Instructions to follow —
What comes back must be the data itself, retyped exactly.

Input data —
● ● ● ●

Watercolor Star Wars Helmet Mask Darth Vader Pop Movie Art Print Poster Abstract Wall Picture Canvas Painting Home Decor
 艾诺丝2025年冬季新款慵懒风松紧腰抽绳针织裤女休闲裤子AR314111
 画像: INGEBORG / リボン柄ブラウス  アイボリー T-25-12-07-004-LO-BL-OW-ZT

● ● ● ●

Response to this exercise —
Watercolor Star Wars Helmet Mask Darth Vader Pop Movie Art Print Poster Abstract Wall Picture Canvas Painting Home Decor
 艾诺丝2025年冬季新款慵懒风松紧腰抽绳针织裤女休闲裤子AR314111
 画像: INGEBORG / リボン柄ブラウス  アイボリー T-25-12-07-004-LO-BL-OW-ZT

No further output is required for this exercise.